(AIM OF THE EXERCISE):
Below are some records. Write out exactly their lines from the one with "Hit spacebar twice, offset" through the one with "Looking at the", and leave the pictures behind.

(EXTRACTED MATERIAL):

◇ ◇ ◇ ◇

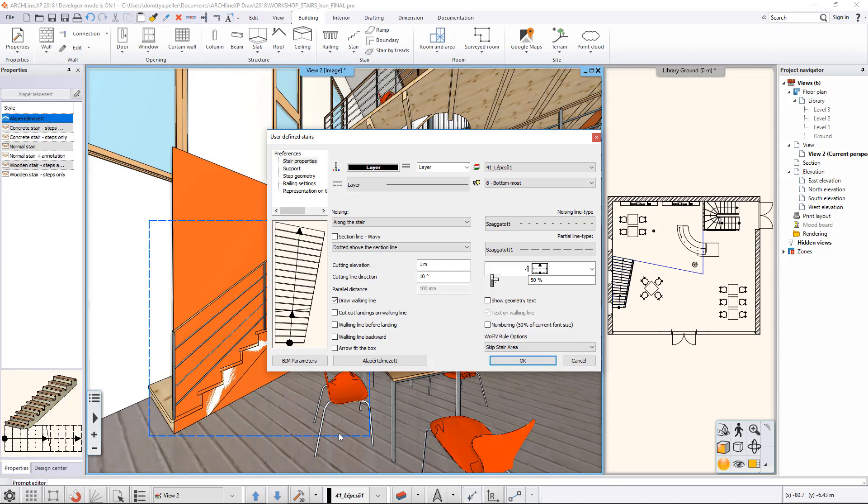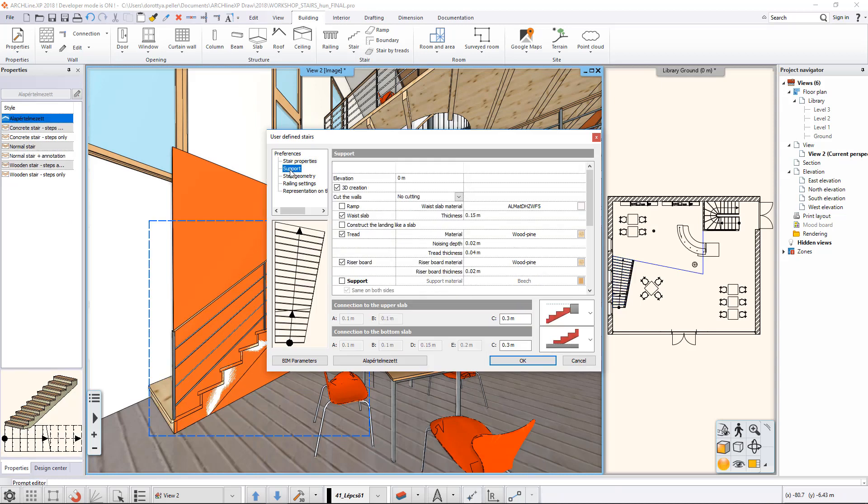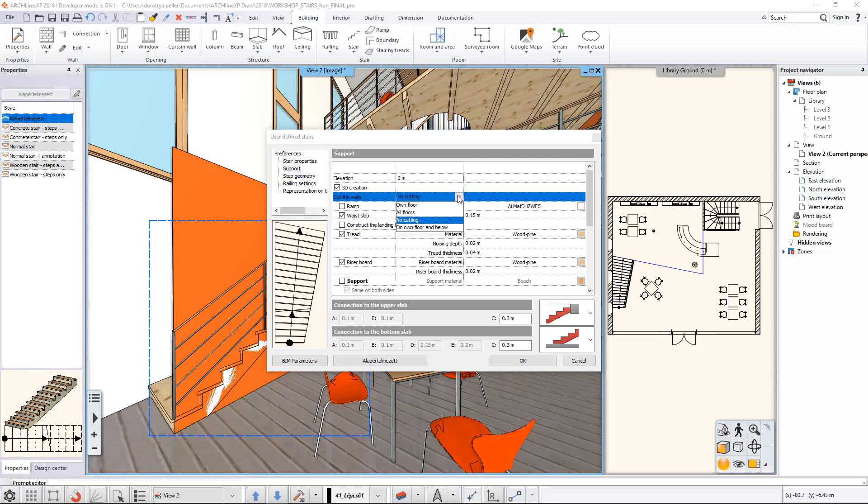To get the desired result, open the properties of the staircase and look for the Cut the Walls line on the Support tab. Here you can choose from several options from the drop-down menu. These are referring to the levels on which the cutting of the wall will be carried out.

◇ ◇ ◇ ◇

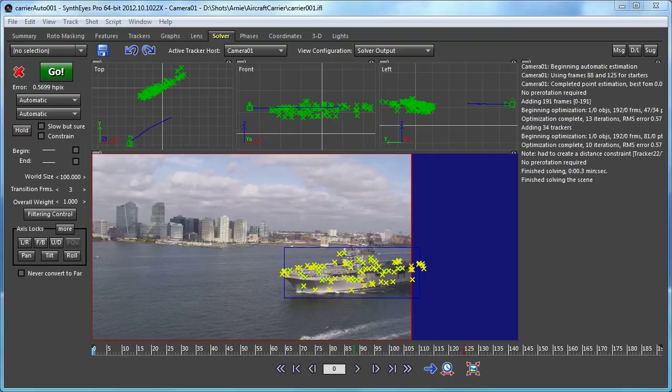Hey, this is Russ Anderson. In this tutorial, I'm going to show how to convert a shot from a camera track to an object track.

◇ ◇ ◇ ◇

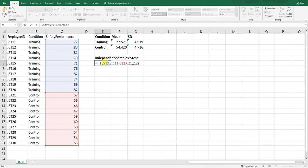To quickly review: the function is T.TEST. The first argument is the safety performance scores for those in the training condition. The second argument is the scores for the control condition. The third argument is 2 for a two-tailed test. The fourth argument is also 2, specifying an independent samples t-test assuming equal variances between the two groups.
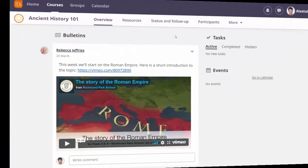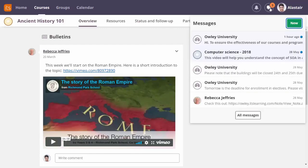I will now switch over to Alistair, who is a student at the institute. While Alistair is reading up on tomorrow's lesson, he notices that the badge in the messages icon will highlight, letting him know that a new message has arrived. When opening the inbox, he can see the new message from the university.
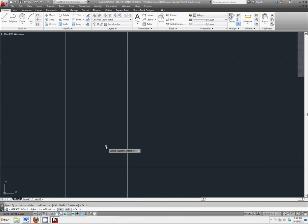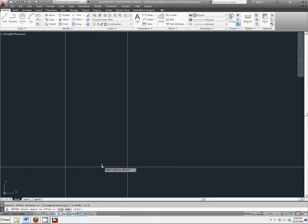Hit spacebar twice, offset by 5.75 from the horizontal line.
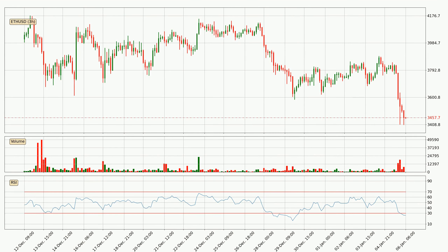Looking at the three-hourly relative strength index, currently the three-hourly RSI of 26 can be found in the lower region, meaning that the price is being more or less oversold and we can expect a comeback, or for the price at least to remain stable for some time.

◇ ◇ ◇ ◇

(ANSWER TO THIS EXERCISE):
Hit spacebar twice, offset by 5.75 from the horizontal line.
Looking at the three-hourly relative strength index, currently the three-hourly RSI of 26 can be found in the lower region, meaning that the price is being more or less oversold and we can expect a comeback, or for the price at least to remain stable for some time.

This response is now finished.